Y. H. : Je suis convaincu qu’un paquet d’entreprises de petite taille ont été intéressées par un jeune en apprentissage mais n’ont pas eu le temps d’y travailler concrètement. Nous devons donc tous nous retrousser les manches, collectivement, pour accompagner ces TPE-PME, parce qu’il y a un gisement de recrutements de jeunes apprentis dans ces entreprises, plus que dans les grands groupes.

Dans son plan de soutien à l’automobile, le gouvernement avance une piste pour soutenir les recrutements en apprentissage, à savoir « réduire significativement le coût d’un jeune en alternance ». La clé n’est-elle pas là pour convaincre les entreprises ?

Y. H. : Tout ce qui peut être fait pour alléger l’addition des entreprises me paraît être une bonne chose.

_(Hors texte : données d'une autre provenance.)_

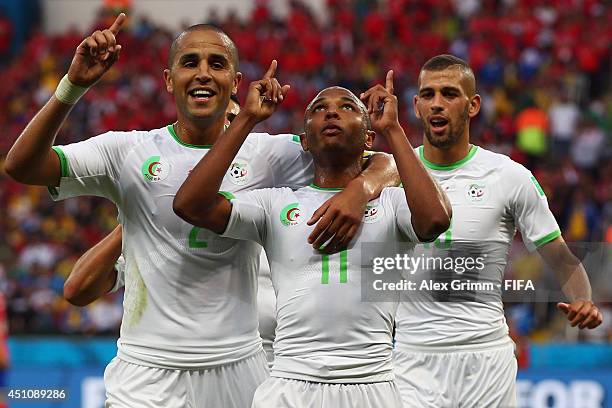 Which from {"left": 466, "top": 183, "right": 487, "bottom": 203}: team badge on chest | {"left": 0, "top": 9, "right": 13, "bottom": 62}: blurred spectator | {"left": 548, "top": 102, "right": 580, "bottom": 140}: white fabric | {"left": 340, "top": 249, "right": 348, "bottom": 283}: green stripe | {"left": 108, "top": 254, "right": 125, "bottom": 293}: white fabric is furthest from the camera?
{"left": 0, "top": 9, "right": 13, "bottom": 62}: blurred spectator

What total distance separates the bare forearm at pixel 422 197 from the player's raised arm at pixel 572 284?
123cm

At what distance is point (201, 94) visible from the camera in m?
4.70

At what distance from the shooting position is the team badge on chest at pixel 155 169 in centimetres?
469

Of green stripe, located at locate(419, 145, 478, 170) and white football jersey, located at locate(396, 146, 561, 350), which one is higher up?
green stripe, located at locate(419, 145, 478, 170)

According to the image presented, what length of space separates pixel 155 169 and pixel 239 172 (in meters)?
0.38

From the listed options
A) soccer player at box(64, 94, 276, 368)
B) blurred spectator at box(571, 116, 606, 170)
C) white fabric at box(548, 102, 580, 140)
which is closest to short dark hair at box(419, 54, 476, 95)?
soccer player at box(64, 94, 276, 368)

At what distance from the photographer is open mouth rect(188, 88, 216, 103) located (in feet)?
15.4

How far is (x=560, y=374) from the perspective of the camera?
31.6 feet

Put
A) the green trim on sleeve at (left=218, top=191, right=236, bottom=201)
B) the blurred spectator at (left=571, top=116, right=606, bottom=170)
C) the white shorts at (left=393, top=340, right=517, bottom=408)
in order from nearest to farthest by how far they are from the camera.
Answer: the green trim on sleeve at (left=218, top=191, right=236, bottom=201) < the white shorts at (left=393, top=340, right=517, bottom=408) < the blurred spectator at (left=571, top=116, right=606, bottom=170)

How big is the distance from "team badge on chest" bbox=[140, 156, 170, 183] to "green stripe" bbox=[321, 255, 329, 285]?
80cm

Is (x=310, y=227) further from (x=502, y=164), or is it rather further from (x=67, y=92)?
(x=502, y=164)

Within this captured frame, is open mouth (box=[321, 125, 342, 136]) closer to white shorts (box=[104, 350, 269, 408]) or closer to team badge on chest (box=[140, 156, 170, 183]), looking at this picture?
team badge on chest (box=[140, 156, 170, 183])

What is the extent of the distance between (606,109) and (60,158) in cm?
1280

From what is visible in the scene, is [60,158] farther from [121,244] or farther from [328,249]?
[328,249] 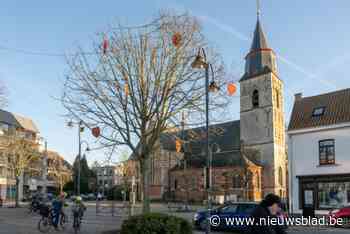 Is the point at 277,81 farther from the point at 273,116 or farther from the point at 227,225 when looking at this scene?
the point at 227,225

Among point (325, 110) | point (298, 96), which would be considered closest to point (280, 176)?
point (298, 96)

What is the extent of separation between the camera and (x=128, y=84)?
15.7 metres

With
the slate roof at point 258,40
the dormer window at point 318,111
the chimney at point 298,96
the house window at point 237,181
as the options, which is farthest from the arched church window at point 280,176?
the dormer window at point 318,111

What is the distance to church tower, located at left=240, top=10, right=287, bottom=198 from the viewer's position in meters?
63.5

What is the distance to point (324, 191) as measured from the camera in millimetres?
27875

Si vous proposez à un employeur une réduction fiscale ou financière pour l’embauche d’un jeune, évidemment, cela le fera réfléchir. Des mesures comme celle proposée par le Medef (porter l’aide unique aux employeurs d’apprentis de 4 125 à 10 000 euros, sans condition de taille pour l’entreprise ni de diplôme pour le salarié, NDLR) sont toujours des plus [EDIT : le gouvernement a finalement opté pour une prime à l'embauche de 5 000 à 8 000 euros, valable du 1er juillet au 28 février 2021, sans condition pour les TPE-PME et pour tout diplôme du CAP à la licence professionnelle, NDLR]. Mais ce n’est pas le seul sujet. Derrière, il faut aussi un engagement collectif des uns et des autres.

« L’apprentissage peut être un moyen économique, social, managérial, de faire redémarrer l’activité des entreprises. »

Le rebond économique se fera avec les salariés, et les jeunes en alternance sont des salariés. Beaucoup de secteurs et de filières ont été bousculés dans leur organisation par la crise, et le seront encore en post-confinement. Des modèles économiques sont en train de changer, des besoins émergent sur des compétences nouvelles, agiles et numériques, sur lesquelles les jeunes ont plus de savoir-faire.

L’apprentissage peut donc aussi être un moyen économique, social, managérial, de faire redémarrer des activités, en s’appuyant sur des alternants formés à la culture de l’entreprise et pour des coûts mesurés. Si, en plus, cette dynamique est soutenue financièrement par des mesures sectorielles ou gouvernementales, alors ce ne sera qu’un plus qui s’additionnera à un plus. Mais l’argent ne sera pas suffisant sans cet engagement sociétal : nos entreprises doivent se construire avec notre jeunesse.

Ces arguments seuls suffiront-ils à convaincre les employeurs de prendre des apprentis cette année ?

Y. H. : Il faut un cocktail entre travail de conviction des entreprises, aide financière et engagement citoyen. Je suis certain que ce sera suffisant. Je reste optimiste, pour ne pas dire naïvement positif, sur notre capacité à maintenir le développement de l’apprentissage en France.